* WHAT THE TASK ASKS *
Return the records that follow, unchanged and complete.
[Opening TASK INPUTS section]
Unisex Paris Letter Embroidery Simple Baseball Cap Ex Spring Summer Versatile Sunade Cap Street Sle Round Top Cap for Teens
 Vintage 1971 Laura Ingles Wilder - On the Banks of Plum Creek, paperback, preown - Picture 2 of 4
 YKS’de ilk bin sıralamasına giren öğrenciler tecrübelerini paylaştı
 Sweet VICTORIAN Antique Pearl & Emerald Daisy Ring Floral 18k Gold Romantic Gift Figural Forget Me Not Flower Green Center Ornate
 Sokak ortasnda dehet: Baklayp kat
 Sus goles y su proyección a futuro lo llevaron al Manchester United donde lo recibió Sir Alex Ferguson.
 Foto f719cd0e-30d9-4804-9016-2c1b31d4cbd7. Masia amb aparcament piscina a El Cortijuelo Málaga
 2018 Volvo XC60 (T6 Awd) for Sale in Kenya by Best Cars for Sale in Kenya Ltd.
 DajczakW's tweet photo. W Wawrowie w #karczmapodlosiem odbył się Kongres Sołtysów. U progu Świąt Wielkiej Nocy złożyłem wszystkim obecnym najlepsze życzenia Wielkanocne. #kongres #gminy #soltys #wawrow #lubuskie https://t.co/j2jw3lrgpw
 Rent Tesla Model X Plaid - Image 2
[Closing TASK INPUTS section]
* RESPONSE BOX *
Unisex Paris Letter Embroidery Simple Baseball Cap Ex Spring Summer Versatile Sunade Cap Street Sle Round Top Cap for Teens
 Vintage 1971 Laura Ingles Wilder - On the Banks of Plum Creek, paperback, preown - Picture 2 of 4
 YKS’de ilk bin sıralamasına giren öğrenciler tecrübelerini paylaştı
 Sweet VICTORIAN Antique Pearl & Emerald Daisy Ring Floral 18k Gold Romantic Gift Figural Forget Me Not Flower Green Center Ornate
 Sokak ortasnda dehet: Baklayp kat
 Sus goles y su proyección a futuro lo llevaron al Manchester United donde lo recibió Sir Alex Ferguson.
 Foto f719cd0e-30d9-4804-9016-2c1b31d4cbd7. Masia amb aparcament piscina a El Cortijuelo Málaga
 2018 Volvo XC60 (T6 Awd) for Sale in Kenya by Best Cars for Sale in Kenya Ltd.
 DajczakW's tweet photo. W Wawrowie w #karczmapodlosiem odbył się Kongres Sołtysów. U progu Świąt Wielkiej Nocy złożyłem wszystkim obecnym najlepsze życzenia Wielkanocne. #kongres #gminy #soltys #wawrow #lubuskie https://t.co/j2jw3lrgpw
 Rent Tesla Model X Plaid - Image 2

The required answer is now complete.